Шел торопливо, едва ли не стремительно и вдруг словно споткнулся: всё, больше идти не могу.

Повернул в какой-то двор, увидел: в углу, у кирпичного забора - трава, деревья, кусты. Стал пробираться в этот угол, осторожно раздвигая ветки кустов, ясно понимая: они живые. Увидел место - чистое, без мусора, где можно было бы лечь, и лег - вверх лицом, ощущая, как прохладна и как добра к нему каждая травинка.

Боль, - до этого сжавшаяся в точку, - постепенно растекалась по всему телу и, кажется, затихала, уходила в стебли трав, в корни, в землю… все глубже, все глубже…

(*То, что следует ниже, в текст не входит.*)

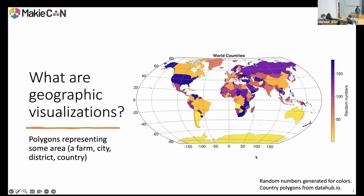GeoMakie is a package that was created to make geographic visualizations. What are geographic visualizations? There are a lot of things that fall into this category. One of the more common things you might see are shaded polygons — polygons of countries, states, districts, farms, whatever — colored by some value. In this case I've chosen random numbers, but you might color by GDP or some other metric about the area.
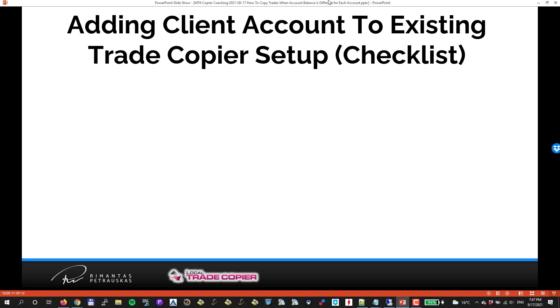Now I want to show how to add a client account to an existing trade copier setup. I'll sort of give you a checklist there and we'll do this step by step so we can do this later when you get a new client.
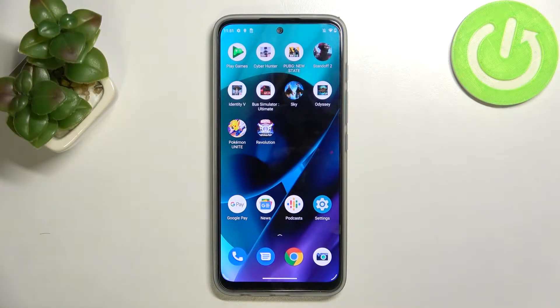Hello, in front of me I've got Motorola Moto G71. In this video I'll show you how to enable and disable app drawer.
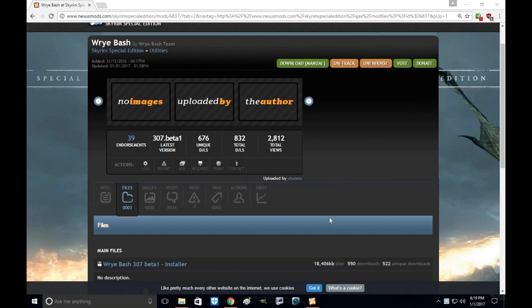Hi everyone, my name is Tony Wille, and welcome to another episode of Skyrim Special Edition Mod Tutorial. Today I'm going to show you how to download and install Wrye Bash.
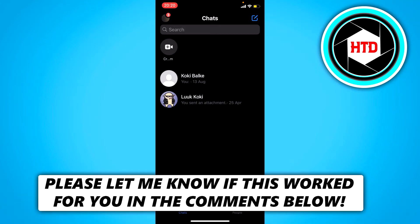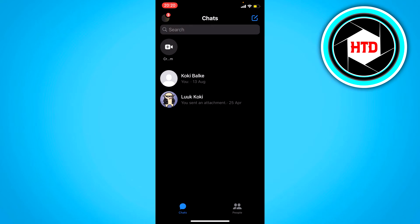How to fix the switch account problem in Messenger — that's what I'm going to show you guys in this video. So let's get started right away. Let's say you want to switch to your other account and it just doesn't work — it gives you an error or whatever. There are a couple of different steps you can try in order to fix this.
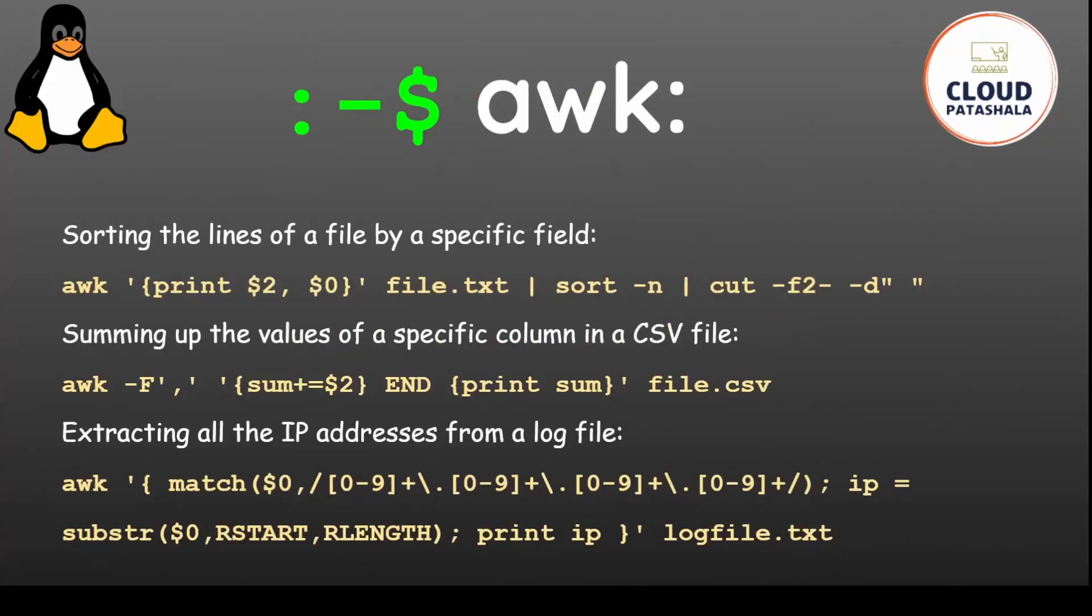You could also do sorting of the lines of a file by a specific field using the sort command. You could sum the values of a specific column in a CSV file, for example to get the total lag in a Kafka process. This gives you a detailed output from the files.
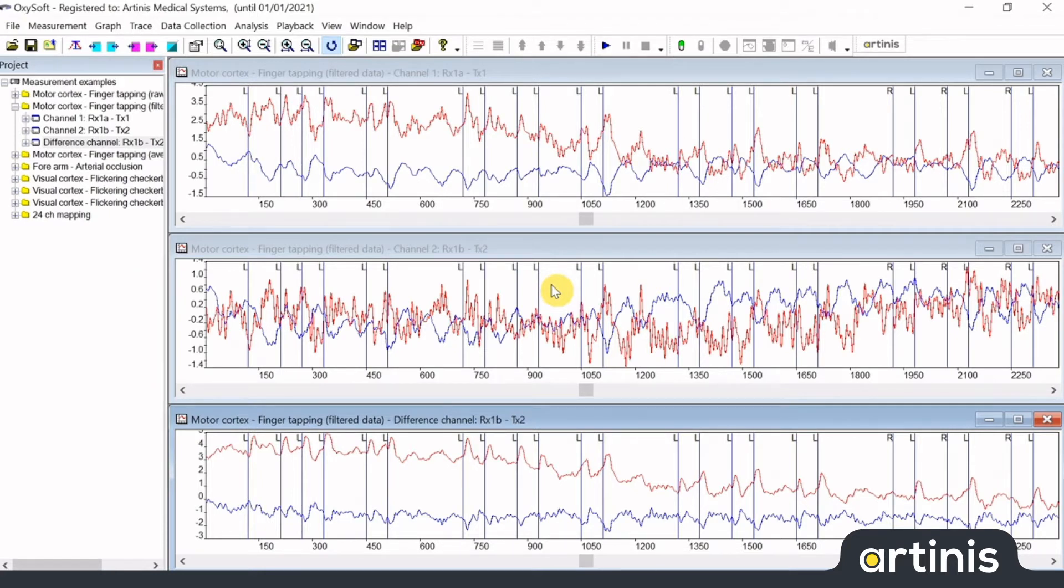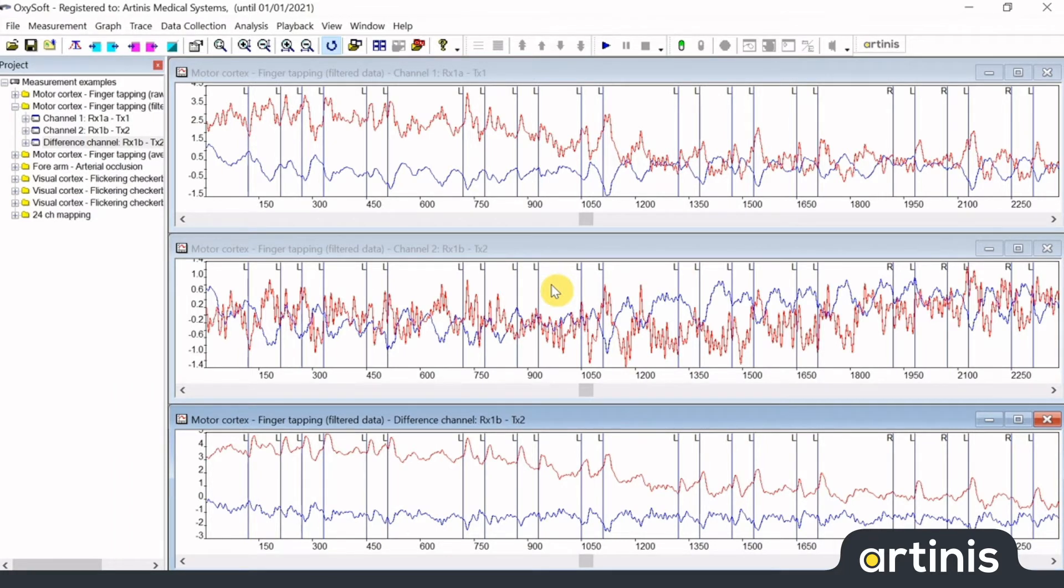You can place events in Oxisoft during a recording, but also afterwards. Events are used to indicate a timestamp during the measurement, for example to mark start and end of a task, or mark a possible disturbance of your measurement.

Голубь (или ворона?) с шумом пролетел над ним и помешал подумать о чем-то главном, самом необходимом для него. Птица исчезла, и словно исчезли единственно истинные мысли и слова и остались только никчемные, случайные, пустые. Но зачем они, эти лживые слова, нужны здесь - среди черноты земли и корней, среди зелени листьев и трав?! Здесь - его земля, и он хотел найти именно те слова, что соединили бы его с землей под ним и с небом над его головой.

Протянул руку, пытаясь достать до ствола ближайшего дерева и погладить его шершавую кору, - не смог.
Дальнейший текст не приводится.